### Problem to solve:
Copy exactly, no pictures: every line from the one that contains "Fiat 500X 1.6" through the end of the entries below.

[Image-caption web data]

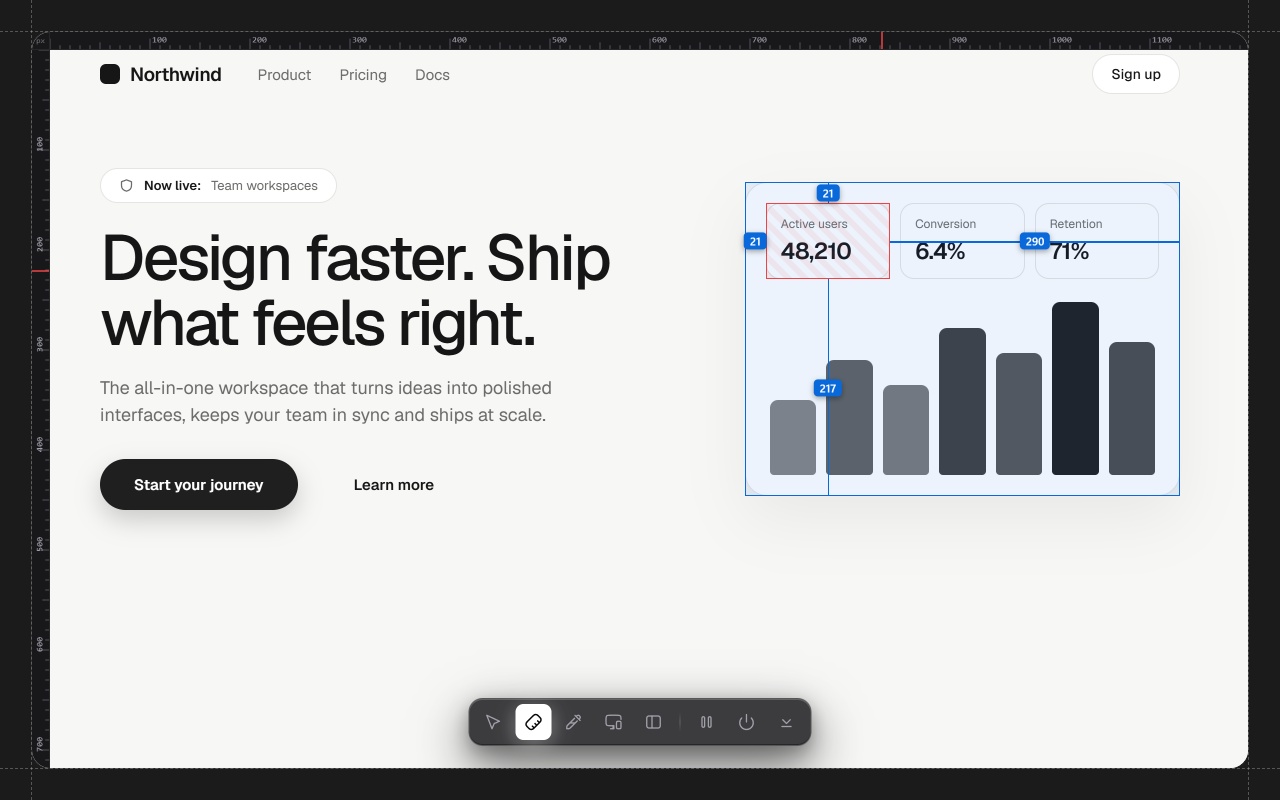 Design Toolkit screenshot 4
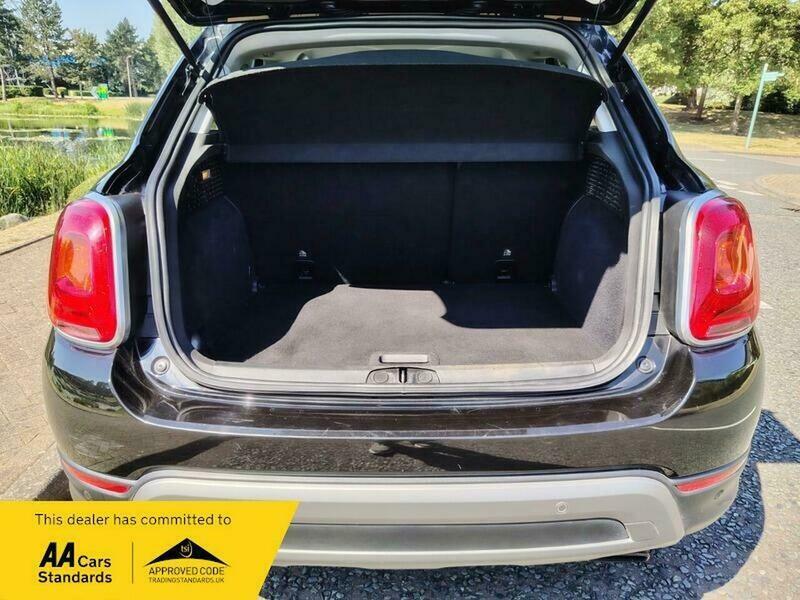 Fiat 500X 1.6 Multijetii Cross Plus Suv Eu Grey #8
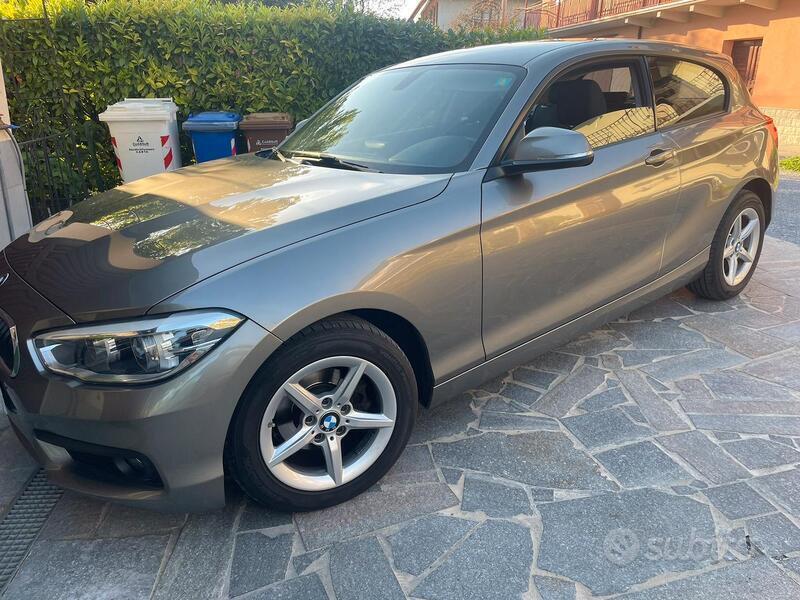 Usato 2015 BMW 116 2.0 Diesel 116 CV (12.500 €)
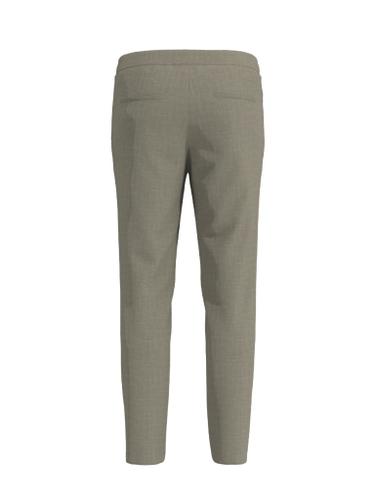 SLH172-SLIMTAPE BRADY PANT NOOS Grau XL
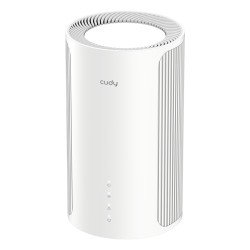 Cudy M11000 Tri-bande (2,4 GHz / 5 GHz / 6 GHz) Wi-Fi 7 (802.11be) Blanc 4 Interne
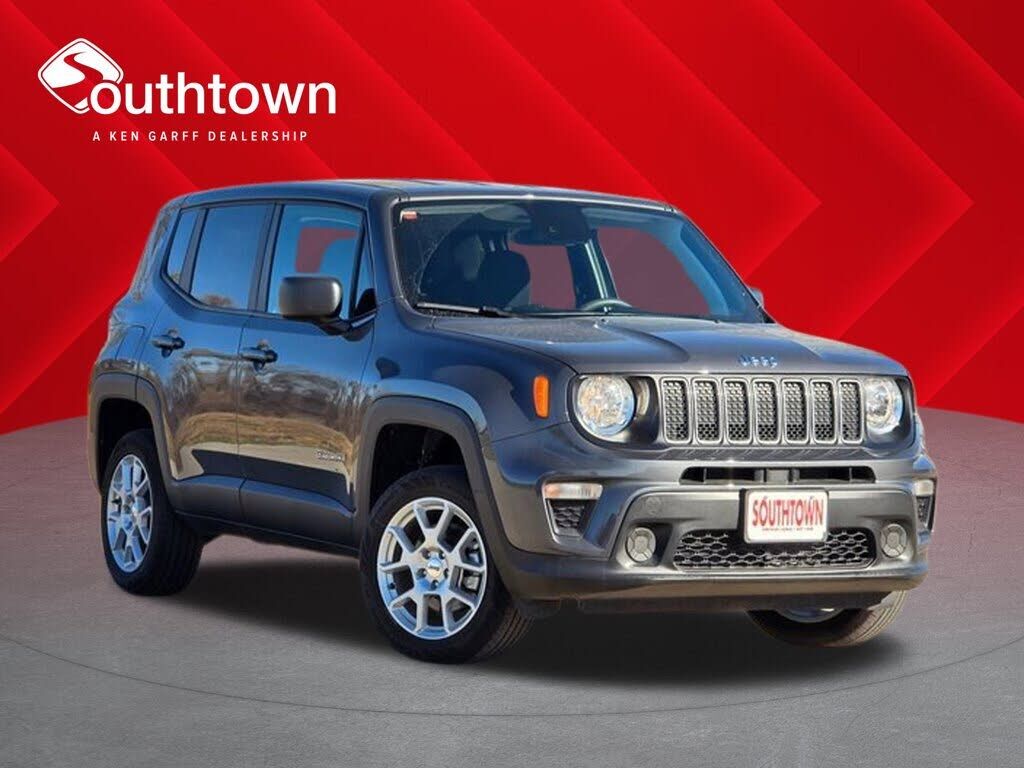 2023 JEEP Renegade
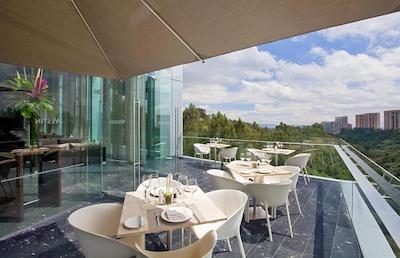 د وستین سانتا ف مکسیکو سیتی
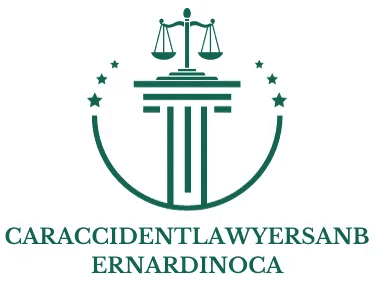 Car Accident Lawyer San Bernardino's Logo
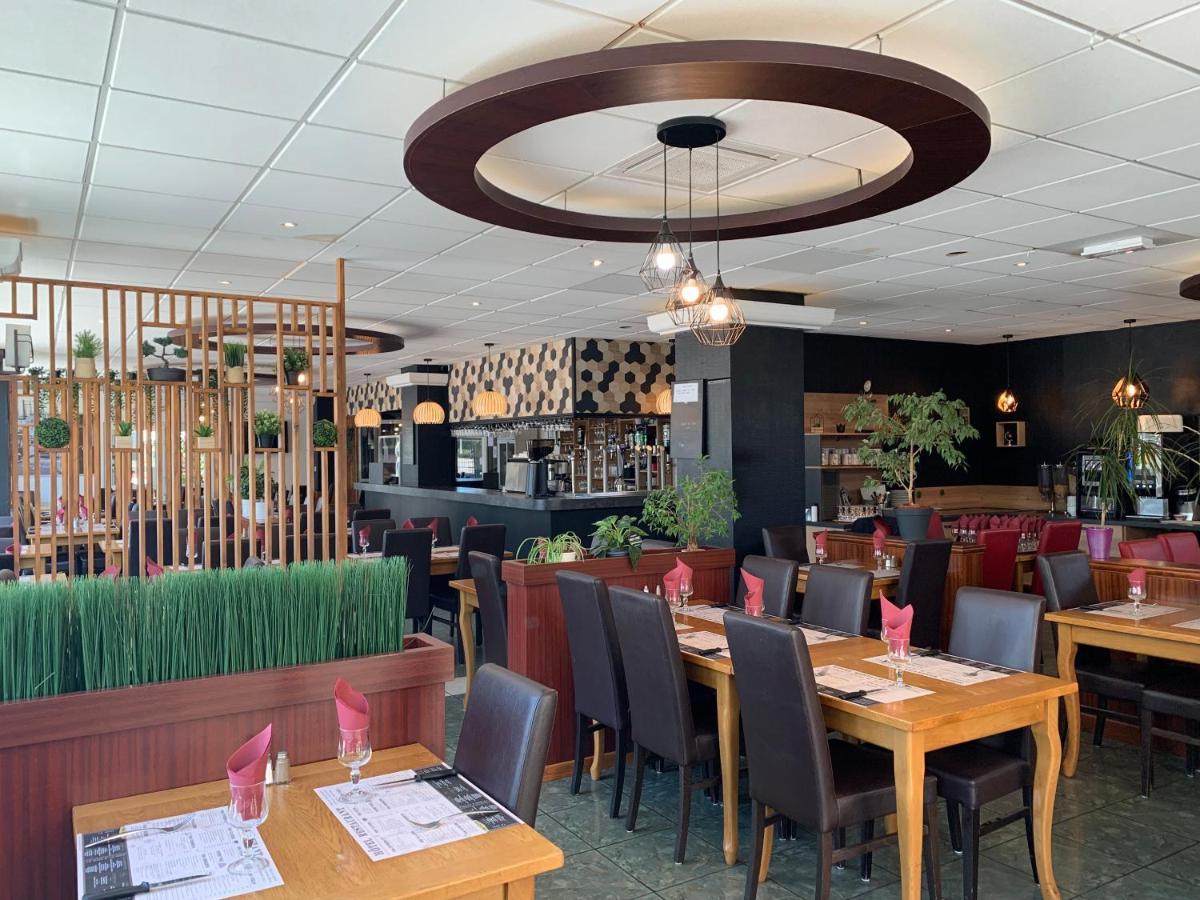 Hotel Restaurant Kyriad Direct Dijon Nord - Zenith - Toison D'Or Eksteriør billede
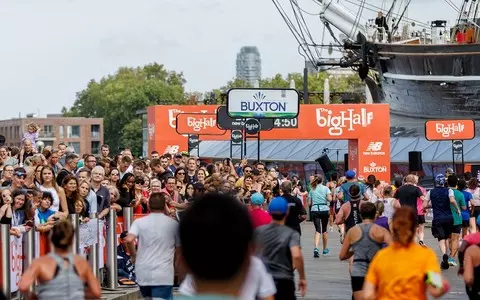 The Big Half marathon road closures: How to get around London on race day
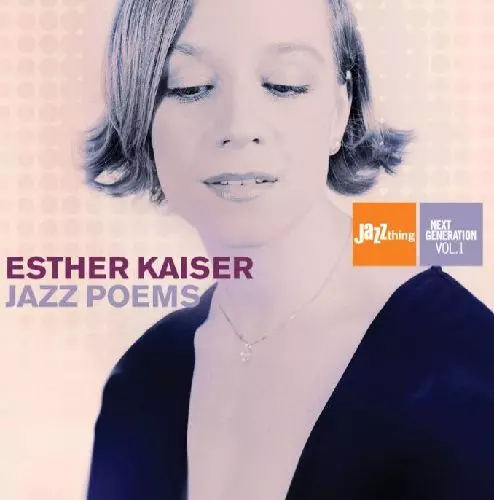 ESTHER KAISER / エスター・カイザー / Jazz Poems
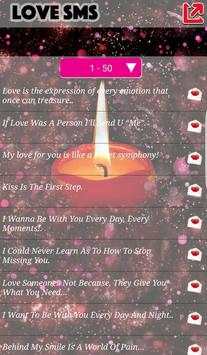 LOVE SMS 2017 screenshot 3
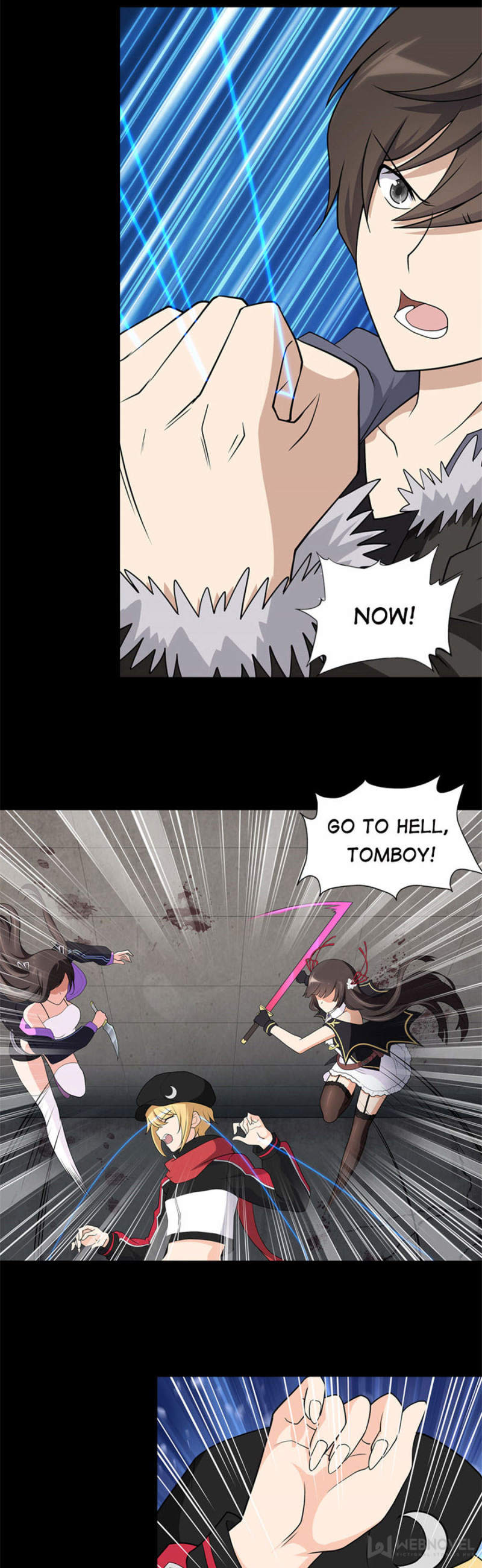 Chapter 101 - Image 7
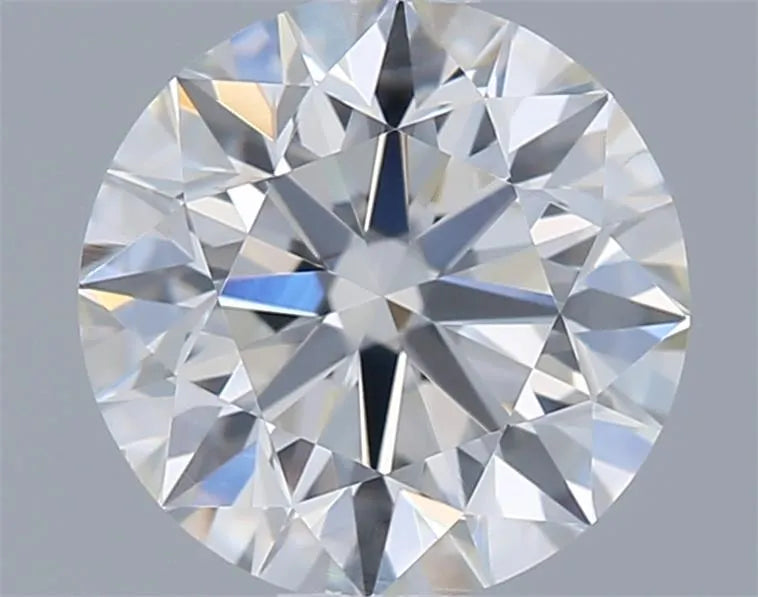 0.70ct Round Natural Diamond (Colour F, Clarity VS2, Cut EX, IGI Certified)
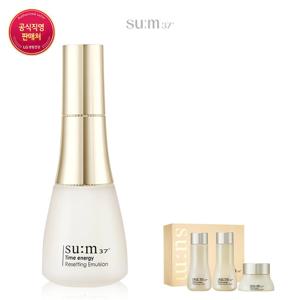 [숨] [혜택+]타임에너지 리셋팅 에멀전 120ml
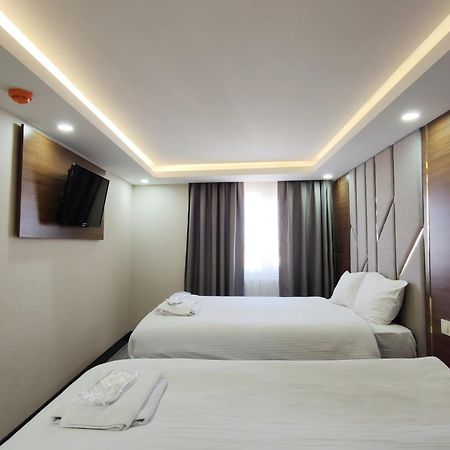 The Golden Pera'S Hotel & Spa Estambul Exterior foto
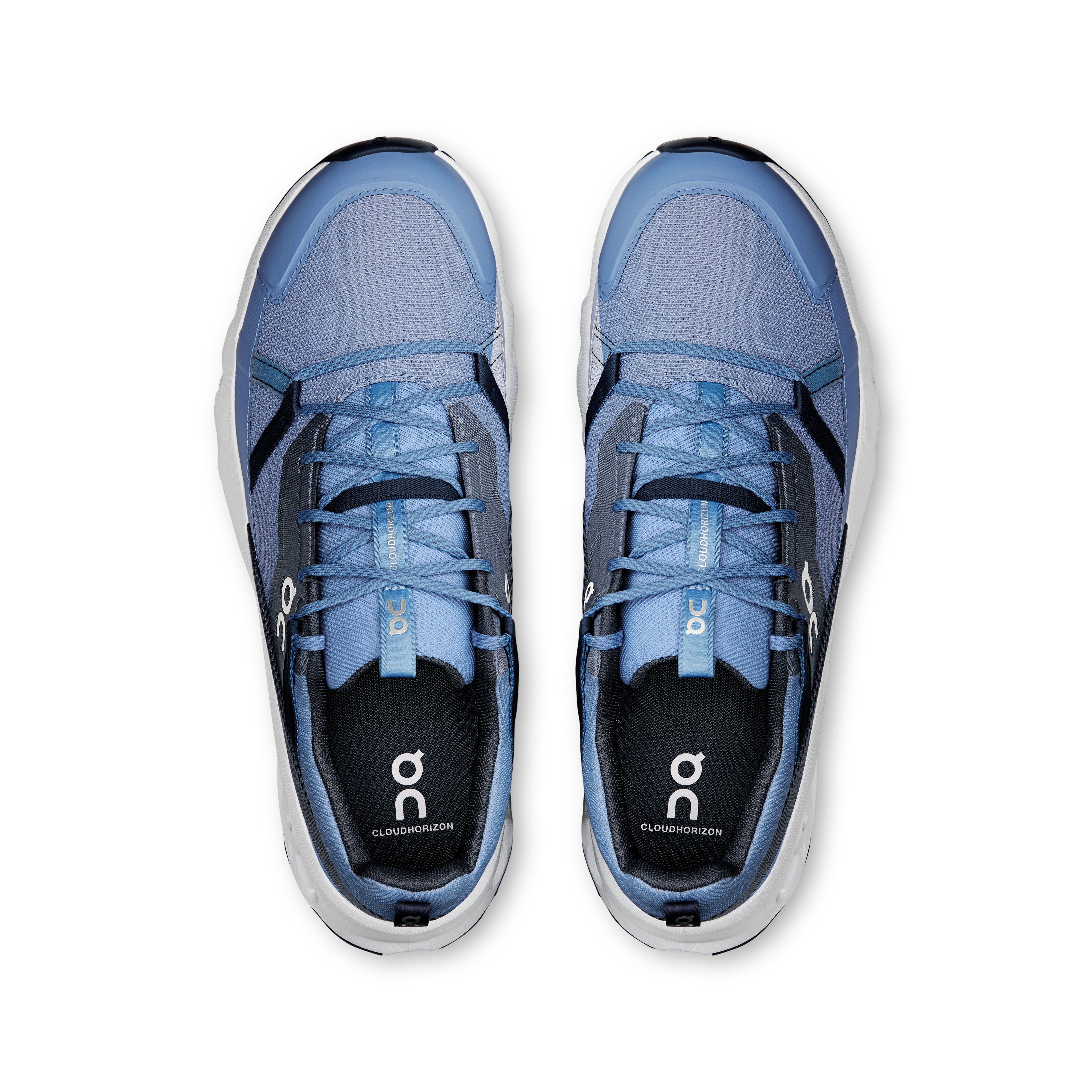 The Cloudhorizon: Max-Cushioned Hiking Shoes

### Output for this exercise:
 Fiat 500X 1.6 Multijetii Cross Plus Suv Eu Grey #8
 Usato 2015 BMW 116 2.0 Diesel 116 CV (12.500 €)
 SLH172-SLIMTAPE BRADY PANT NOOS Grau XL
 Cudy M11000 Tri-bande (2,4 GHz / 5 GHz / 6 GHz) Wi-Fi 7 (802.11be) Blanc 4 Interne
 2023 JEEP Renegade
 د وستین سانتا ف مکسیکو سیتی
 Car Accident Lawyer San Bernardino's Logo
 Hotel Restaurant Kyriad Direct Dijon Nord - Zenith - Toison D'Or Eksteriør billede
 The Big Half marathon road closures: How to get around London on race day
 ESTHER KAISER / エスター・カイザー / Jazz Poems
 LOVE SMS 2017 screenshot 3
 Chapter 101 - Image 7
 0.70ct Round Natural Diamond (Colour F, Clarity VS2, Cut EX, IGI Certified)
 [숨] [혜택+]타임에너지 리셋팅 에멀전 120ml
 The Golden Pera'S Hotel & Spa Estambul Exterior foto
 The Cloudhorizon: Max-Cushioned Hiking Shoes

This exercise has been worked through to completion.